## What is being asked
Exactly transcribe the span of lines from the one containing "Stilrent kjøkken med" through the final line of the entries, inclusive, and nothing outside it. Exclude the pictures.

## Web page caption snippets

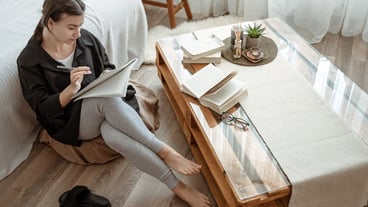 A young female student does assignments at home, sitting with a notebook in her hands.
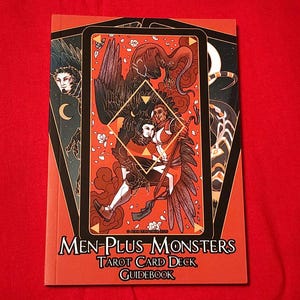 May include: A red guidebook with the title "Men-Plus Monsters Tarot Card Deck Guidebook" and an illustration of two figures with wings on the cover.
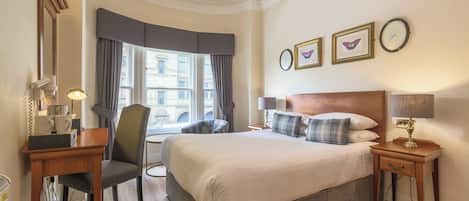 A hotel room with a large bed, a desk with a telephone, a chair, a window with curtains, and a chandelier.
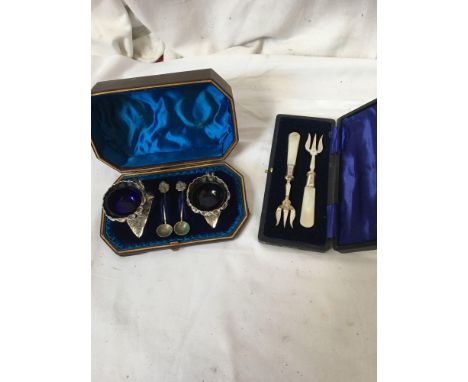  Sale Item:    CASED E P CRUETS &amp; M O P HANDLED FORKS (AF)  Vat Status:   No Vat   Buyers Premium:  This lot is subject t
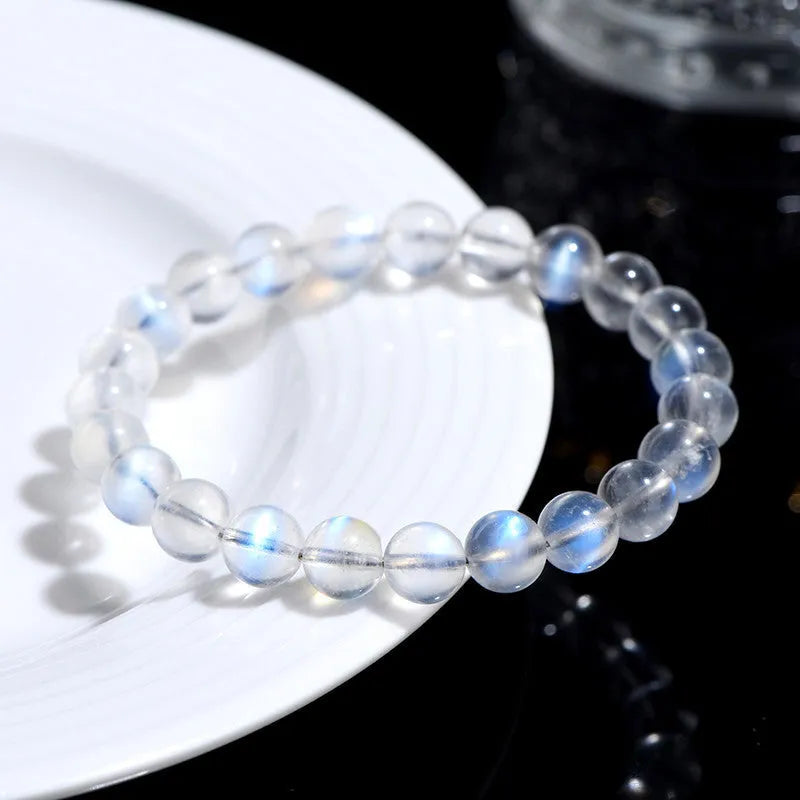 Natural cream body blue moonlight crystal bracelet in a minimalist unisex style.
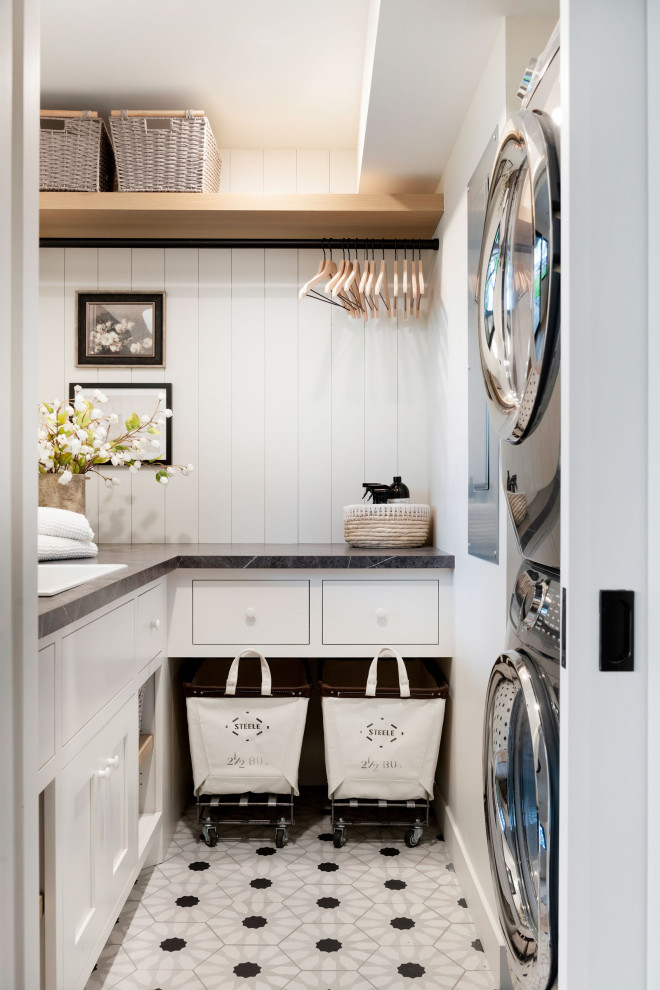 Inspiration for a beach style l-shaped dedicated laundry room in Minneapolis with a drop-in sink, white cabinets, white walls, a stacked washer and dryer, multi-coloured floor, black benchtop and planked wall panelling.
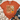 An orange short-sleeve graphic T-shirt laid flat on a white wood surface, styled with a knit blanket, jeans, and tan ankle boots. The shirt has a large fall-themed front print reading “God is Good All the Time” with flowers and a pumpkin.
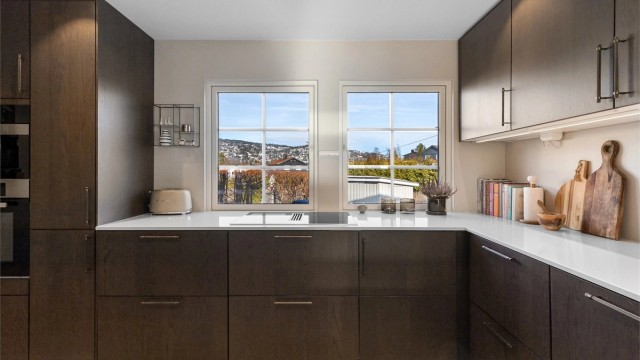 Stilrent kjøkken med slette fronter på skap og skuffer, og benkeplate i komposittsten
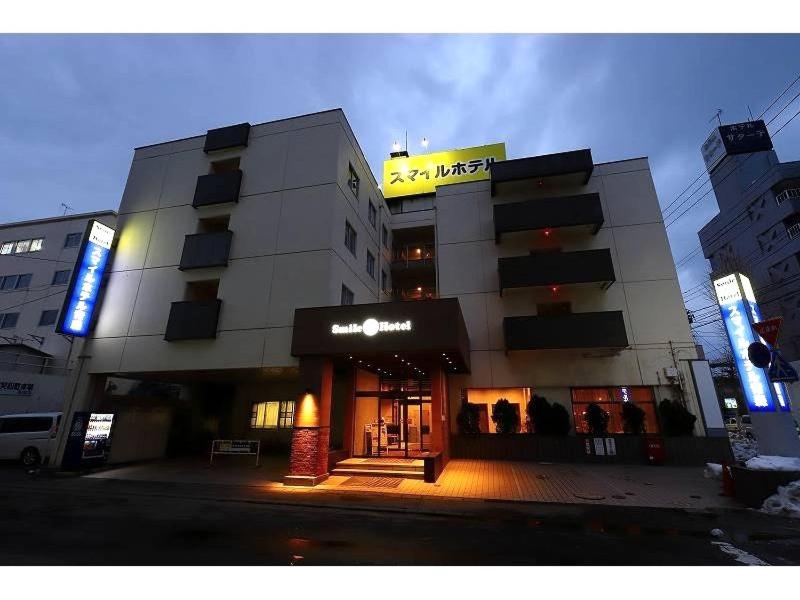 a large building with a store in front of it at Smile Hotel Aomori in Aomori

## Solution
 Stilrent kjøkken med slette fronter på skap og skuffer, og benkeplate i komposittsten
 a large building with a store in front of it at Smile Hotel Aomori in Aomori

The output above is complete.